Assigned task ▸
Only the lines below between the ones containing "HAPPY HALLOTHANKSMAS COMFORT COLOR T-SHIRT" and "oneisall Automatic Cat", inclusive, are to be reproduced, each exactly as it stands.

Supplied records ▸
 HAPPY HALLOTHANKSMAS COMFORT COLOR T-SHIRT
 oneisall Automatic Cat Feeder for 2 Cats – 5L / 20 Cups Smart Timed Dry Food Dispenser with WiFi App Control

==

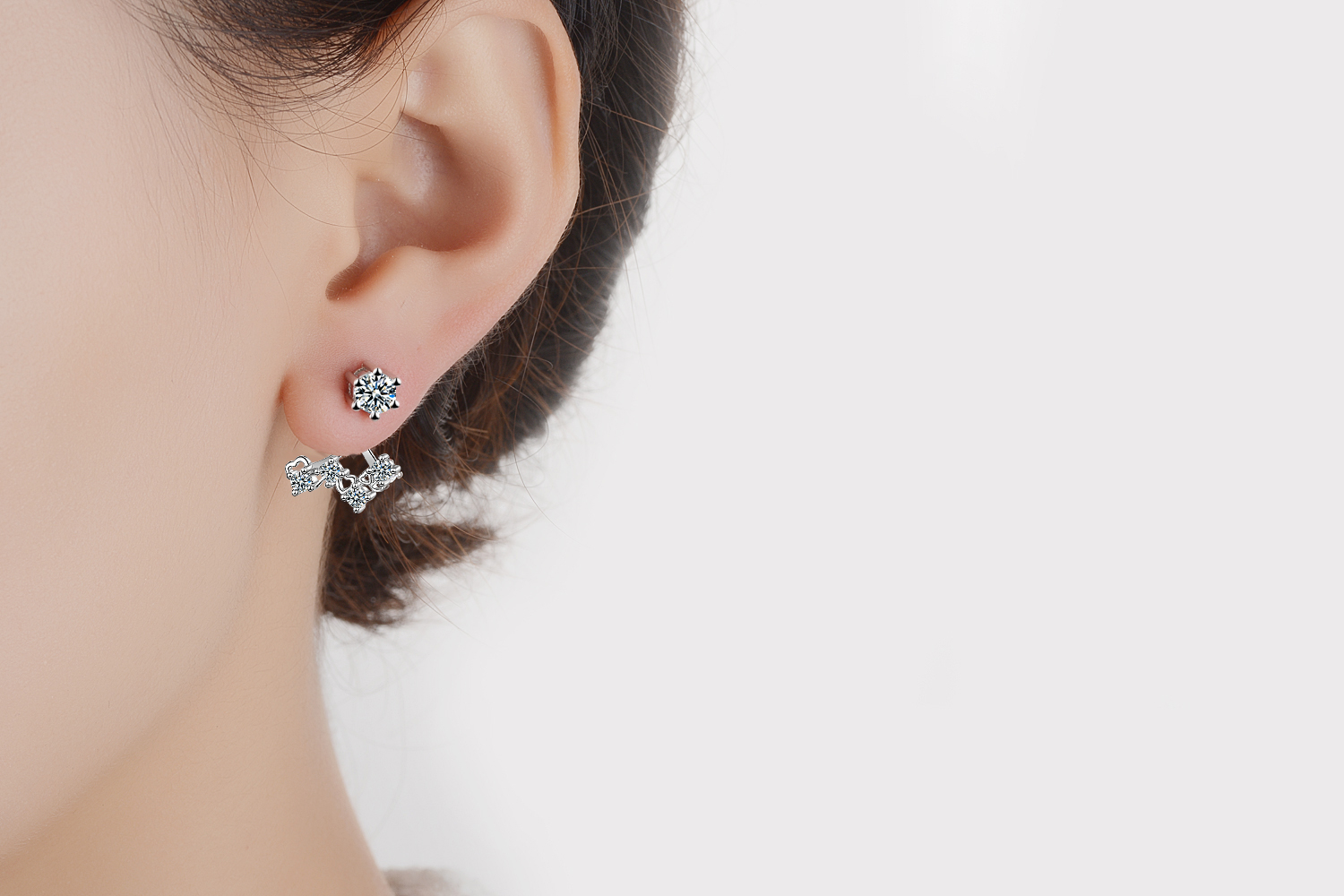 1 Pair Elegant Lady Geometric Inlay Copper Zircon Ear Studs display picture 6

Response for this exercise ▸
 HAPPY HALLOTHANKSMAS COMFORT COLOR T-SHIRT
 oneisall Automatic Cat Feeder for 2 Cats – 5L / 20 Cups Smart Timed Dry Food Dispenser with WiFi App Control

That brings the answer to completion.